Les Chastaing constituent une famille parfaite en tous points : deux fils beaux comme des dieux, réussissant brillamment dans leurs études, une fillette surdouée, réalisant à onze ans des estampes japonaises, deux parents aux petits soins pour leur merveilleuse progéniture. Quand un requin-bouledogue dévore la jambe de Thadée, la façade impeccable de la famille Chastaing commence à se craqueler petit à petit, et finit, 413 pages plus loin, à terre, en morceaux épars et irréconciliables.

On pourrait m’objecter que personne ne mérite de mourir à vingt ans dans une forêt obscure, dans l’indifférence des goyaviers et des tamarins. Mais ce serait une objection parfaitement inepte car la plupart des gens méritent ce qui leur arrive, et la mort n’en est pas le pire. D’ailleurs, ils organisent leur propre mort de leur vivant. J’ai toujours pensé que les tueurs psychopathes dont on nous rebat les oreilles étaient les bienfaiteurs d’une humanité dont ils abrègent les souffrances et la vie absurde.

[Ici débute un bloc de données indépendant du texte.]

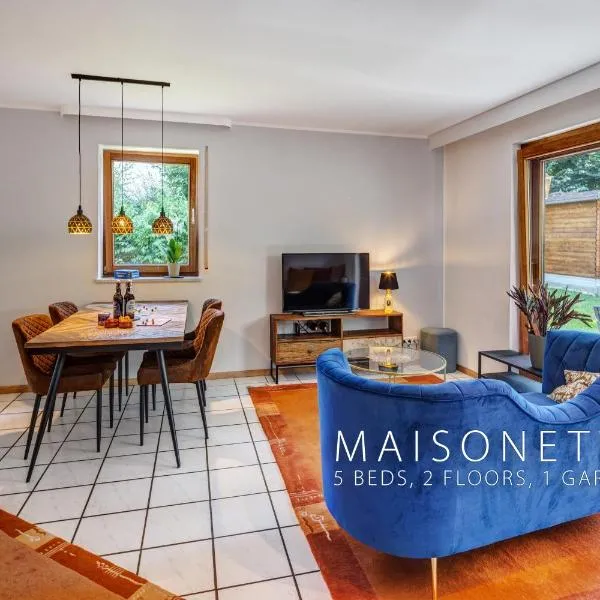 Moderne Maisonette mit Garten, hotel in Unterschleißheim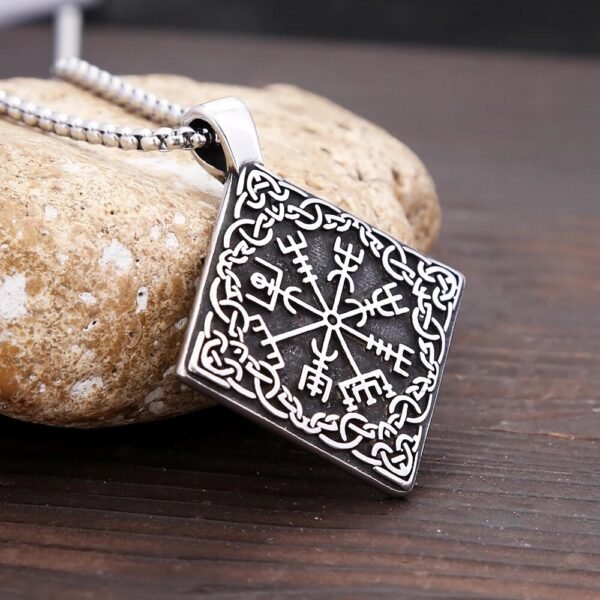 Fashion Vintage Stainless Steel Viking Compass Pendant Necklace For Men Nordic Celtic Knot Necklaces Punk Amulet Jewelry Gifts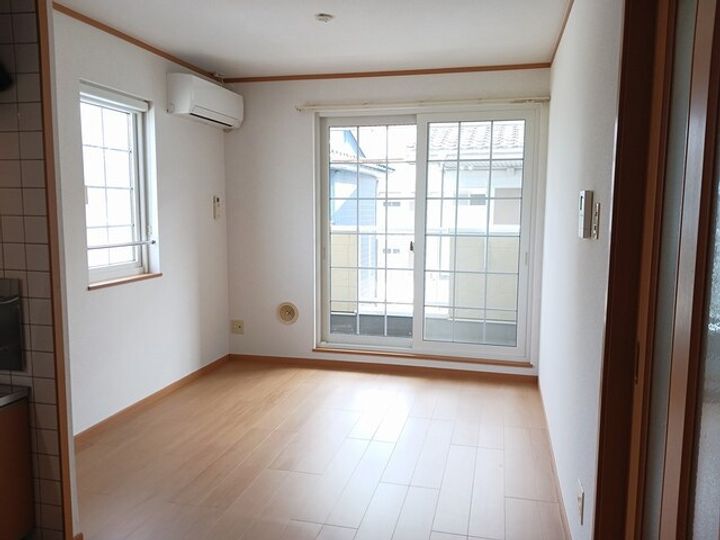 プール・トゥジュールCの居間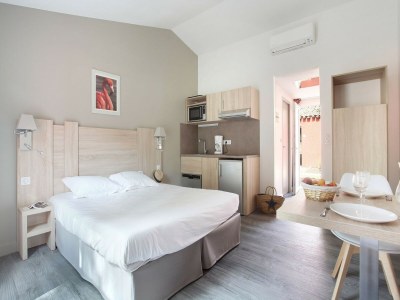 Holiday park Resort in Arles mit Pools nahe Camargue - Features photo 11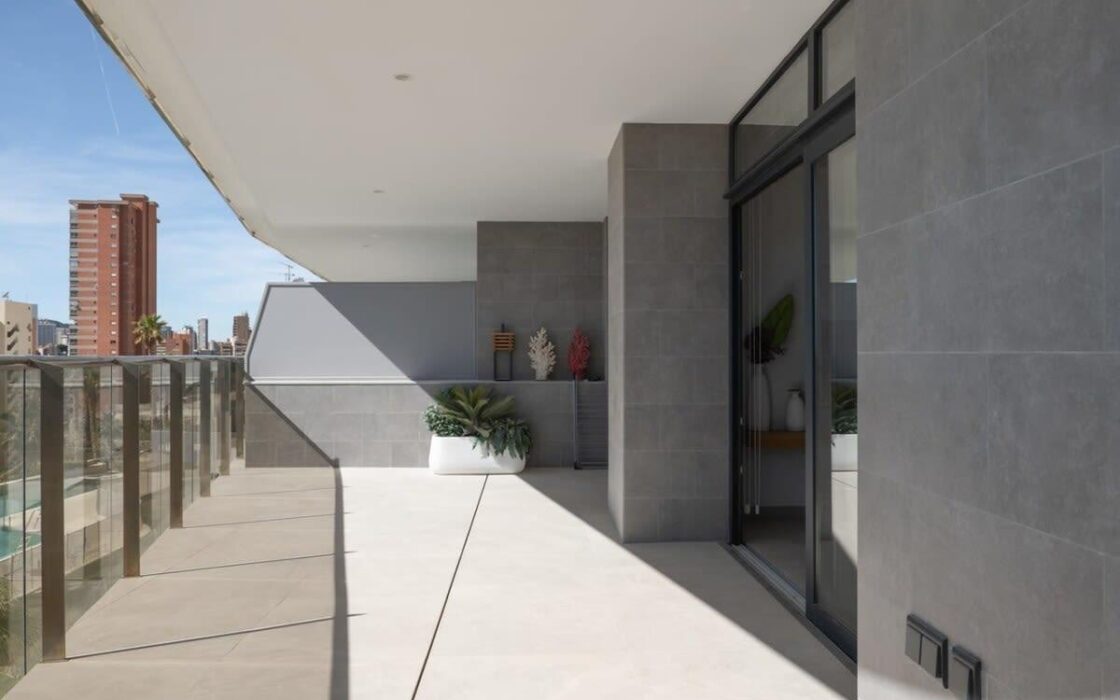 Современные апартаменты с террасой в Бенидорме 180 кв.м.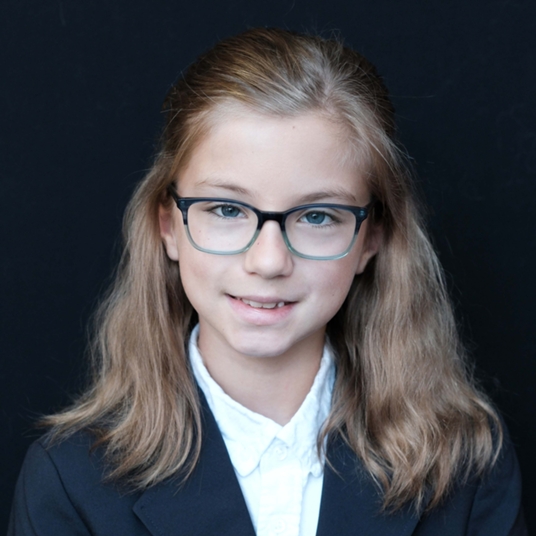 Emma Luettel head shot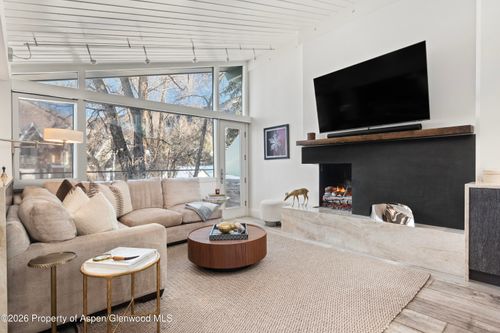 2-1001 E Cooper Ave, Aspen, CO, 81611-2100 | Card Image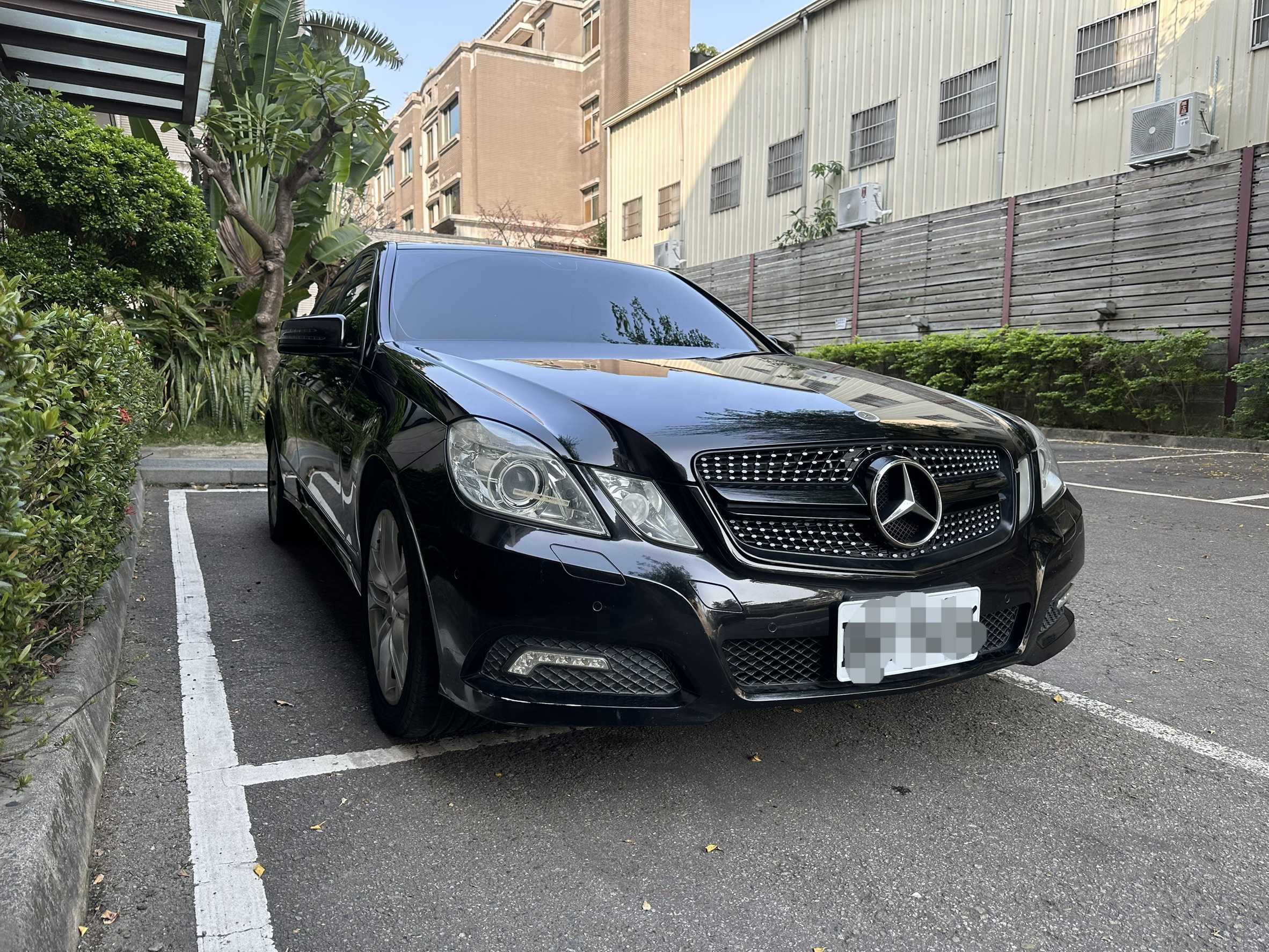 2011年 Mercedes-Benz E-Class E250 中古車照片 - Orange Garage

413 pages pour suivre la descente aux enfers d’une famille, une famille plutôt normale à première vue, une famille qui pourrait être celle de nos voisins. 413 pages pour rentrer dans la tête d’un psychopathe égocentrique et maladivement jaloux et découvrir les extrémités auxquelles les fous peuvent se résoudre. Mais finalement, qui est vraiment sain d’esprit dans cette histoire ? A part Zachée, plein de bienveillance et de bonté, homme parfait s’il en est, chacun finit par révéler sa violence cachée, son sadisme dissimulé. A chaque page, on s’enfonce de plus en plus dans l’atrocité banale, chacun y allant de sa petite action condamnable, voire de son crime gratuit.

L’histoire est finalement simple, et on est informé de la répartition des rôles dès le début : Zachée est la perfection incarnée, un homme désintéressé et naturellement bon, en plus d’avoir un corps de rêve, Thadée au contraire est un sadique psychopathe ayant toujours très bien caché son jeu, jusqu’à ce que la perte de sa jambe révèle sa vraie nature. Même les parents sont finalement assez simples à cerner, entre la caricature de la mère vouant un tel culte à son fils aîné qu’elle est incapable de regarder la vérité en face, et l’image classique du père qui s’invente une conscience après vingt ans de relation extra-conjugale. Les rôles sont distribués, le massacre peut commencer.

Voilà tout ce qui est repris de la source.